(Beginning of RECORD SET)

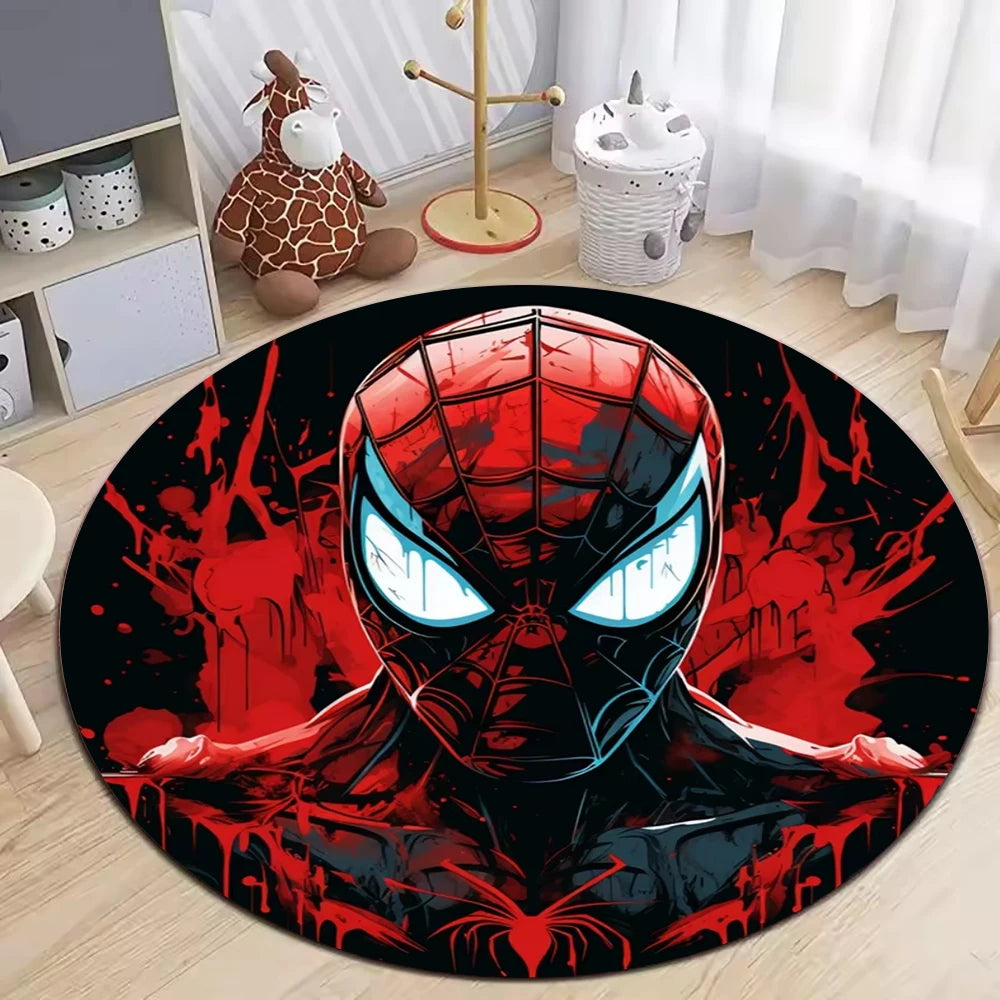 MINISO Disney Spider-Man Round Carpet - Image 24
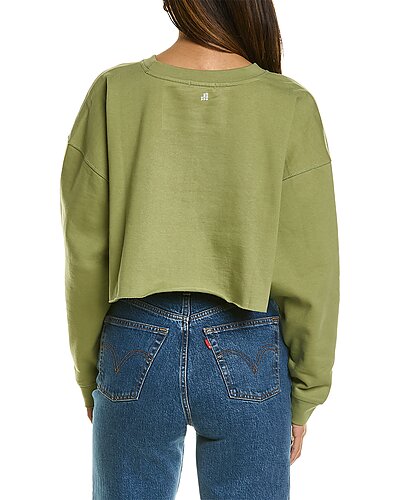 Cropped Sweatshirt Women WeWoreWhat Cropped Sweatshirt Women -Anne Klein-shop 1411818882 RLLD 2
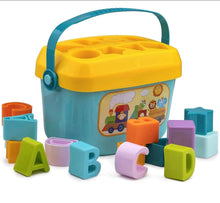 Load image into Gallery viewer, Baby’s first blocks _ Montessori Game
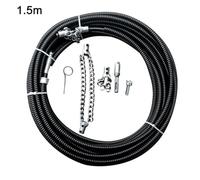kkiuop Electric Drill Drain Cleaner Machine 1-5 Meter With Extension Sewer Pipe Cleaning Plumbing Dredger Tools Spring main Metal chain, For snake, cleaner, multi-purpose tool Cable c Tool, drill-pow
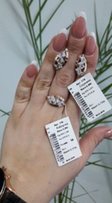 Серьги и кольцо Арт. 210 | Серебро с Золотом | 880 грн - Одесса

(End of RECORD SET)

◆ TASK STATEMENT ◆
Find "kkiuop Electric Drill" in the entries, then reproduce that line and each line after it exactly, through the last one. Pictures do not go in.

◆ RESPONSE TO THE EXERCISE ◆
kkiuop Electric Drill Drain Cleaner Machine 1-5 Meter With Extension Sewer Pipe Cleaning Plumbing Dredger Tools Spring main Metal chain, For snake, cleaner, multi-purpose tool Cable c Tool, drill-pow
 Серьги и кольцо Арт. 210 | Серебро с Золотом | 880 грн - Одесса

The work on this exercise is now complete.